--- DATA FOR THIS EXERCISE Enclosed Below ---

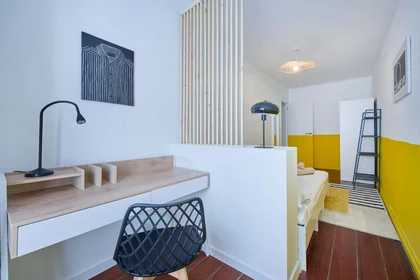 Quarto privado em R. de Santa Marta 21, 1150-291 Lisboa, Portogallo, imagem 11 de 43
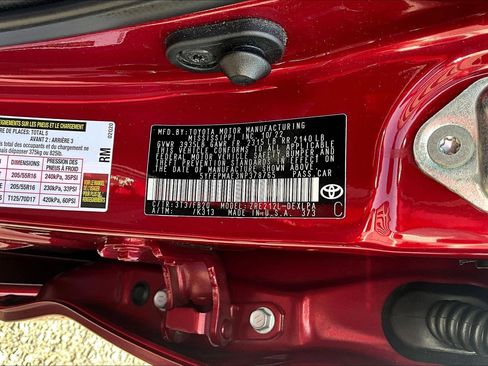 Used 2022 Toyota Corolla LE FWD image 33
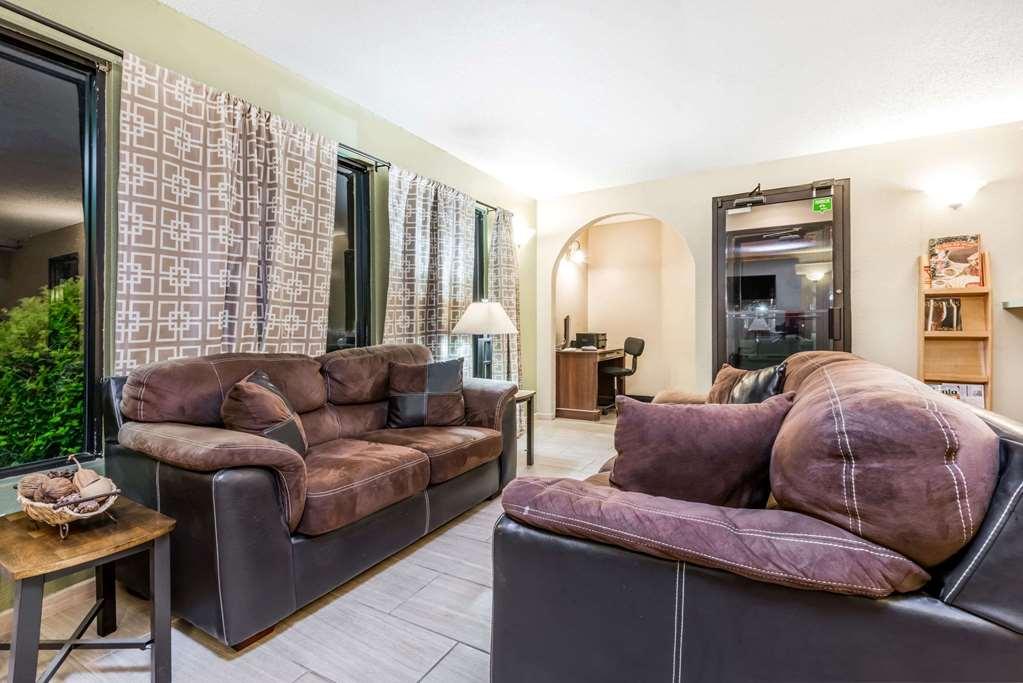 Super 8 By Wyndham Pratt Hotell Inreriör bild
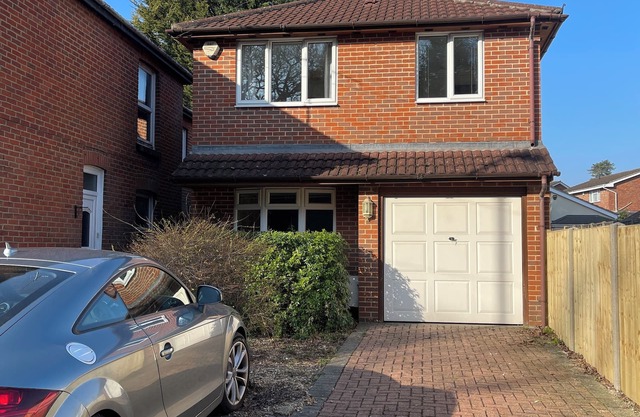 Detached Bassett House. Close to Southampton Hospital and City Centre.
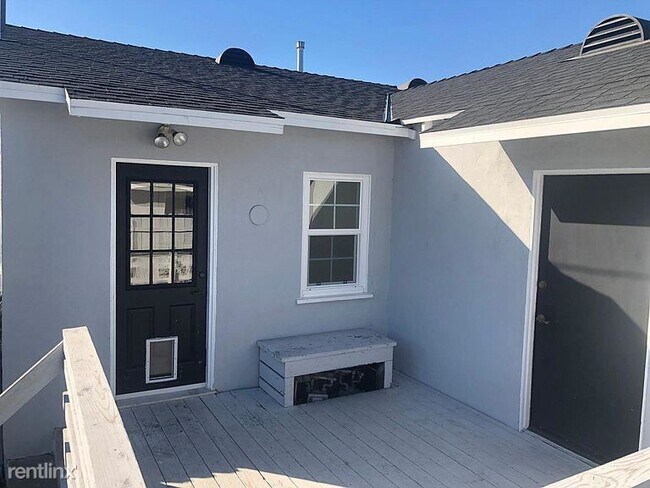Building Photo - 3 br, 1 bath House - 2001 W Monterey Ave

--- End of Enclosed DATA FOR THIS EXERCISE ---

▶ **ASSIGNED TASK**:
Starting at the line that contains "Super 8 By Wyndham", return every line through the end of the records above exactly as written, and return no pictures.

▶ **ANSWER TO THE EXERCISE**:
 Super 8 By Wyndham Pratt Hotell Inreriör bild
 Detached Bassett House. Close to Southampton Hospital and City Centre.
Building Photo - 3 br, 1 bath House - 2001 W Monterey Ave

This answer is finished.